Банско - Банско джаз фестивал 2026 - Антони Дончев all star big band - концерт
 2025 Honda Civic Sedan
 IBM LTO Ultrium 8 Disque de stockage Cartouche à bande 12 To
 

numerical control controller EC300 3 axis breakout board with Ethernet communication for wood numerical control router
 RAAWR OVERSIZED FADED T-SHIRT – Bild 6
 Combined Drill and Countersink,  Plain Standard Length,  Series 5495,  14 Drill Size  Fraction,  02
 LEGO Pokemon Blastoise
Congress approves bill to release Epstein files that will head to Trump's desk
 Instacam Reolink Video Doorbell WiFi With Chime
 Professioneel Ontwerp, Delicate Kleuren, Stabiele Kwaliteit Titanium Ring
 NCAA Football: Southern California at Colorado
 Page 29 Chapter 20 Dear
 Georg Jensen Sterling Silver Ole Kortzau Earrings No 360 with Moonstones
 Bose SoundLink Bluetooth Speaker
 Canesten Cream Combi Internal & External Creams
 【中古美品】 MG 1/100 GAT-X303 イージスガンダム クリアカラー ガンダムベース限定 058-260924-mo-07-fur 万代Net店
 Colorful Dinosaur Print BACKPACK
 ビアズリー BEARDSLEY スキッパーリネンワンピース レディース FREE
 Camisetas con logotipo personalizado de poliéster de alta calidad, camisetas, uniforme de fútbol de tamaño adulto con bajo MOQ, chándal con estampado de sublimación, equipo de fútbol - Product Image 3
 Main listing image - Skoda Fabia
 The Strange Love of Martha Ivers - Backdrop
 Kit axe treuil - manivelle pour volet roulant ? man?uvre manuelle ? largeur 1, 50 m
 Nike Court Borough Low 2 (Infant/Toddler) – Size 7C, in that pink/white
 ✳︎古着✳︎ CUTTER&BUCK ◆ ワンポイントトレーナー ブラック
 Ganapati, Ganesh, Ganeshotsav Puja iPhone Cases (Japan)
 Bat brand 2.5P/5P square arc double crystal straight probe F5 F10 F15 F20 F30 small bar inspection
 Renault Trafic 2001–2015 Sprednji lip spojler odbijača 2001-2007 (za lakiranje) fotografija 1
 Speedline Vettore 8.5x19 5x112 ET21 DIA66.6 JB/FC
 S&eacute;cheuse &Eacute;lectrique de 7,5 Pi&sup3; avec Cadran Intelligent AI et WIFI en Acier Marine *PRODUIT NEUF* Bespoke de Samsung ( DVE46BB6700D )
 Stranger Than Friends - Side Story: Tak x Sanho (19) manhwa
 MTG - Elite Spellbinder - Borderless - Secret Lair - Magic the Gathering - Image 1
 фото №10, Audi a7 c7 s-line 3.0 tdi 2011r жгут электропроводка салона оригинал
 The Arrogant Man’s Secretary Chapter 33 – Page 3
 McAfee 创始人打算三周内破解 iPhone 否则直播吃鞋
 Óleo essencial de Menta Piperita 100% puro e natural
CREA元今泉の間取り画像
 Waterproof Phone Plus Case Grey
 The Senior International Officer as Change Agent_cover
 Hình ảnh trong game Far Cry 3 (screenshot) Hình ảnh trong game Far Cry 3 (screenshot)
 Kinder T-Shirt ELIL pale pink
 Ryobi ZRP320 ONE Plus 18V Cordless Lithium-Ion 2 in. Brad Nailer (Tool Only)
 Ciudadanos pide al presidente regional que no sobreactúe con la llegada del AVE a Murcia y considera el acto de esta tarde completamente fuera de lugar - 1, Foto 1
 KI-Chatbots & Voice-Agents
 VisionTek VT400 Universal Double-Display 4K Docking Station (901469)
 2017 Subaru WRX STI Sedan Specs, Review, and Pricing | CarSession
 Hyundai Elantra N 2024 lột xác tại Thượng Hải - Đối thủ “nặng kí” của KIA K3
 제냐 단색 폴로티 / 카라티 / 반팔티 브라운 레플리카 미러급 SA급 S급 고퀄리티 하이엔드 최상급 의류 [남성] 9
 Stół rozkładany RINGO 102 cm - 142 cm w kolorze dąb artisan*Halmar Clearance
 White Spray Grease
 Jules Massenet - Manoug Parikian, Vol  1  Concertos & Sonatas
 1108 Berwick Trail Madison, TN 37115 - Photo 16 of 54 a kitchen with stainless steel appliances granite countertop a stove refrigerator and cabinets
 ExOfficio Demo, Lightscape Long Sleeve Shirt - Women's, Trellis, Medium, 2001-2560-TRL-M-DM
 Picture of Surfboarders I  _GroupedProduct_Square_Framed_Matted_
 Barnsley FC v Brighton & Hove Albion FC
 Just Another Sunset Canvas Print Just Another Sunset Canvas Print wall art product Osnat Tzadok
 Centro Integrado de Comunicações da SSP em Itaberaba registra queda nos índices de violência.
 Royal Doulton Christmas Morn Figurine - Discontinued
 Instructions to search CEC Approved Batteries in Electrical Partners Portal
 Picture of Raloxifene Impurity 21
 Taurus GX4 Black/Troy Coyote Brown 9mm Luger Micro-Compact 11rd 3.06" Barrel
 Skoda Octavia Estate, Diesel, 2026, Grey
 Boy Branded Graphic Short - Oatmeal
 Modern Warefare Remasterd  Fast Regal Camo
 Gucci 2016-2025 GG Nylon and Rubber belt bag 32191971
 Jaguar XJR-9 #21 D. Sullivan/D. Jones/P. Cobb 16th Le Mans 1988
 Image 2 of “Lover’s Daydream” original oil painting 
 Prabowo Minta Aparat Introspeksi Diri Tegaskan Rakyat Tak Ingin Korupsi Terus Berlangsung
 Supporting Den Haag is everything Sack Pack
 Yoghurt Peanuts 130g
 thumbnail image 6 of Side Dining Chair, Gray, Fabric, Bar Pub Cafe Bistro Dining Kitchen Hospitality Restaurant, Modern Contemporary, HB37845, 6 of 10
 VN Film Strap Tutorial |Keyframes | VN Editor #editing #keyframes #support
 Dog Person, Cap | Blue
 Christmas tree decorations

# # # # #

- _WORK TASK_:
Looking at the entries above, work out how many lines include the word "Grey" and reply with that number alone.

- _EXPECTED ANSWER_:
2